Image-caption web data:

****************

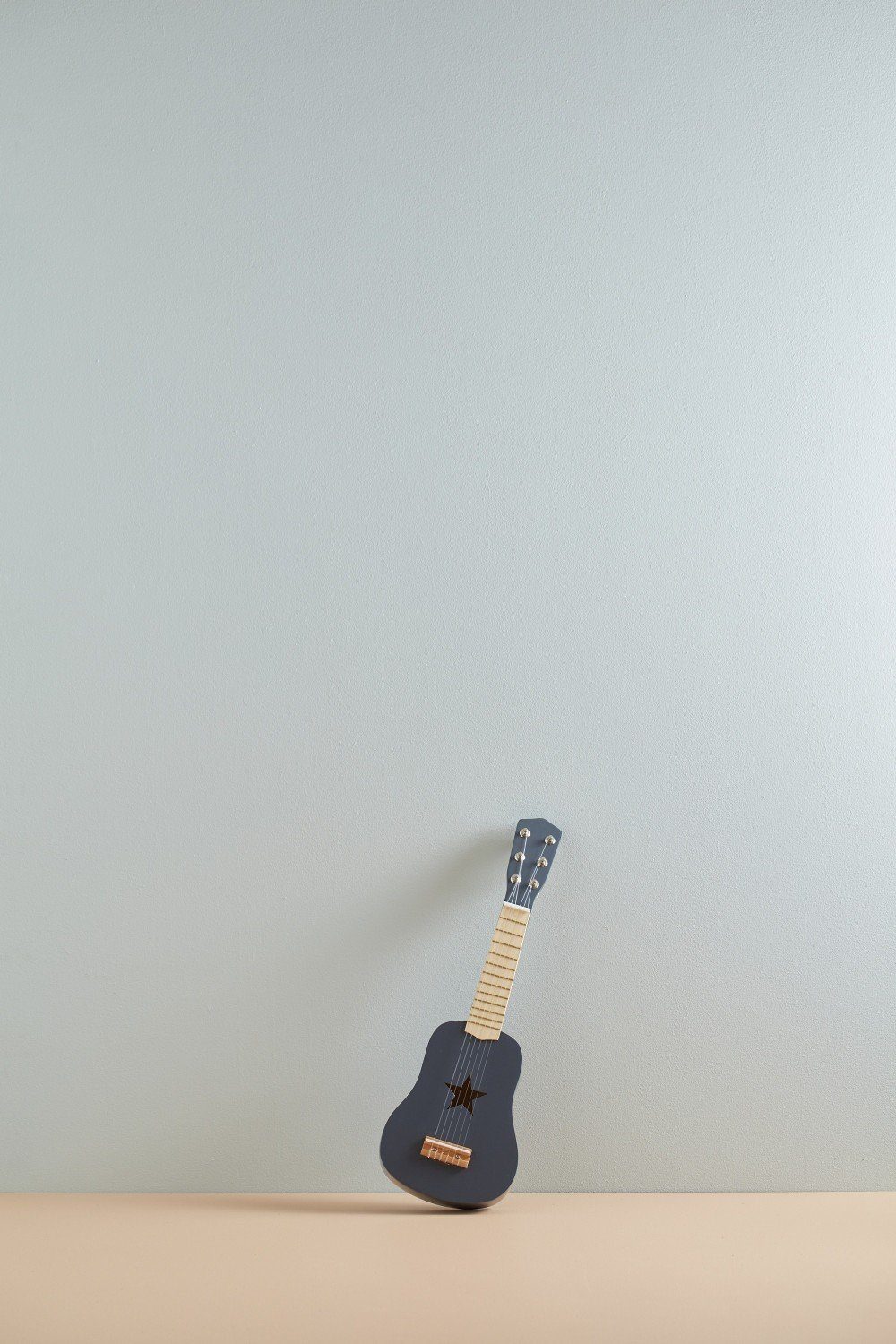 Kids Concept Spielzeug-Musikinstrument Meine erste Gitarre dunkelgrau 53cm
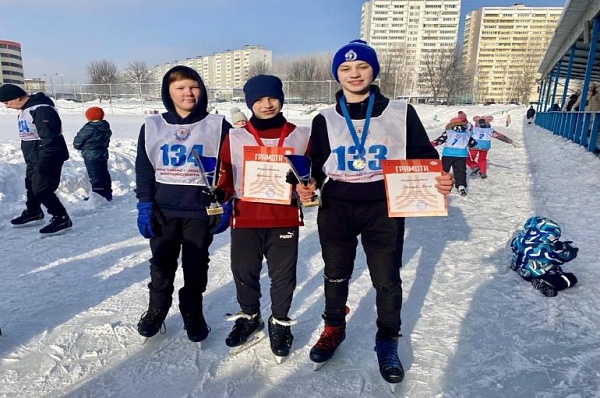 Спортсмены поселения Сосенское заняли призовые места на Всероссийских соревнованиях по конькобежному спорту 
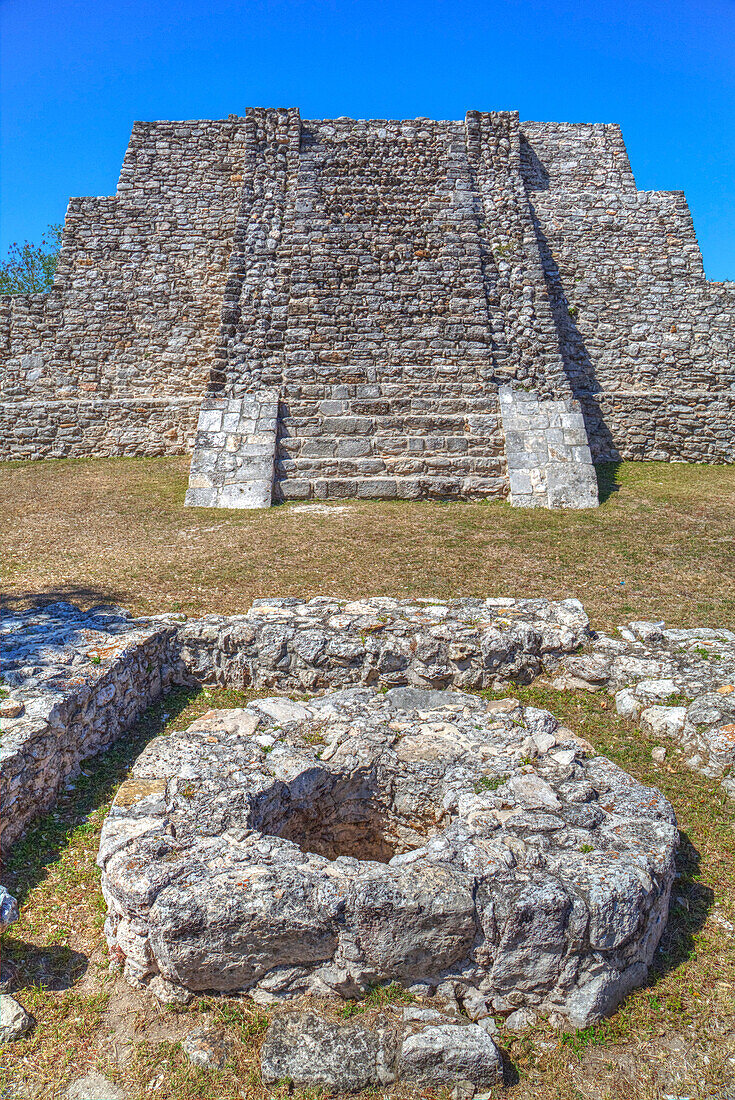 Structure Q-62, Mayapan, Mayan archaeological site, Yucatan, Mexico, North America
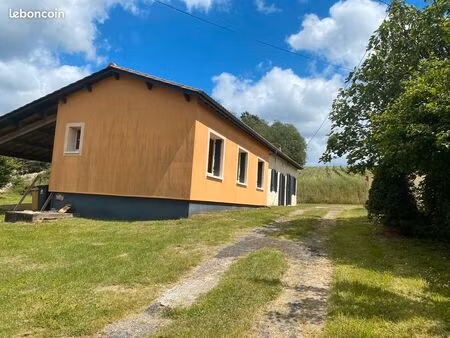 maison ancienne avec terrain et dépendances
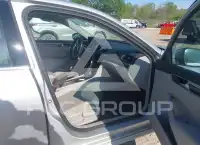 2016 Volkswagen Passat фото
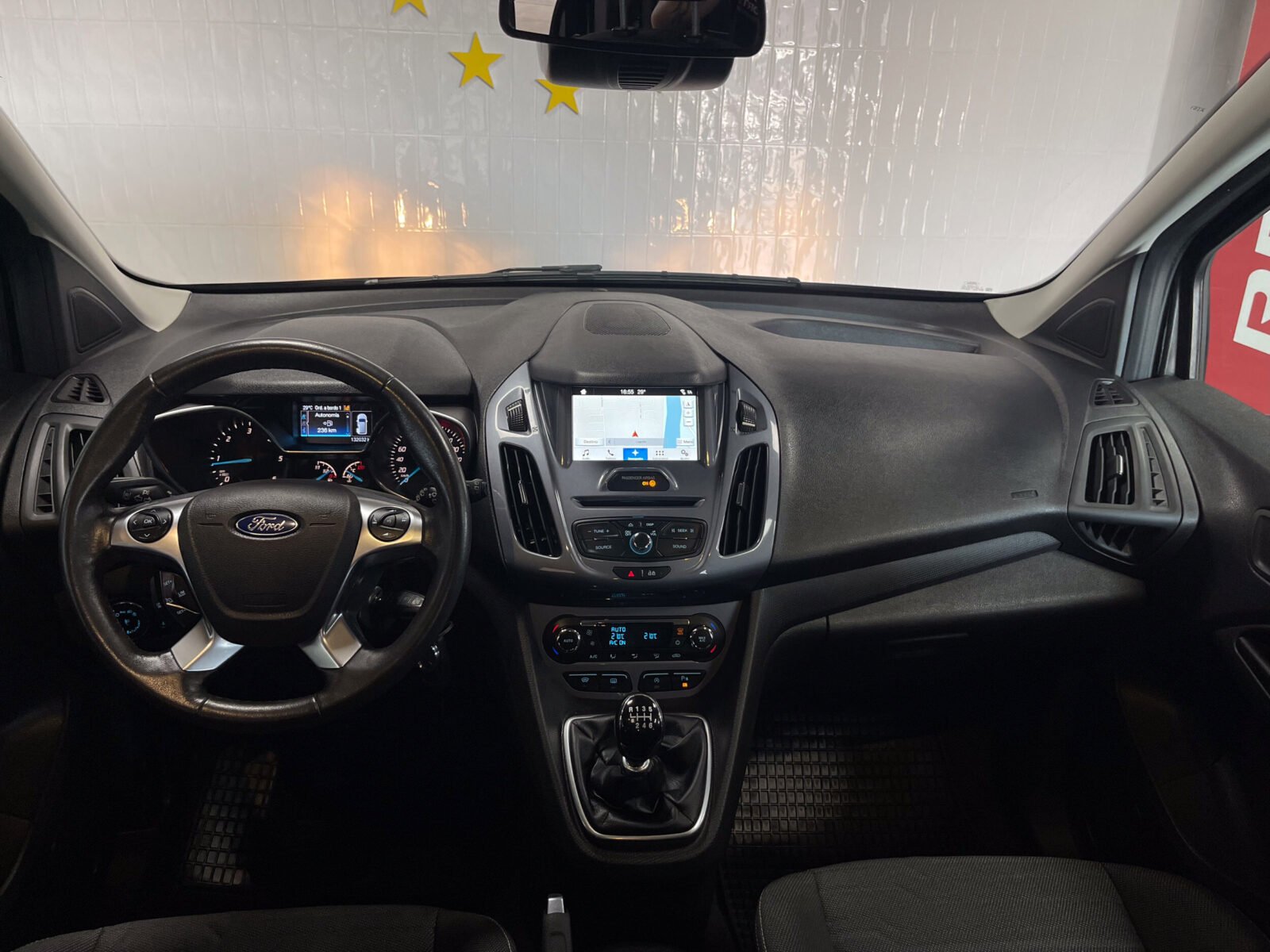 FORD Grand Tourneo 1.5 Tdci Titanium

****************

*What is expected*
The task calls for every record to be transcribed exactly, with no images included.

*Written answer*
 Kids Concept Spielzeug-Musikinstrument Meine erste Gitarre dunkelgrau 53cm
 Спортсмены поселения Сосенское заняли призовые места на Всероссийских соревнованиях по конькобежному спорту 
 Structure Q-62, Mayapan, Mayan archaeological site, Yucatan, Mexico, North America
 maison ancienne avec terrain et dépendances
 2016 Volkswagen Passat фото
 FORD Grand Tourneo 1.5 Tdci Titanium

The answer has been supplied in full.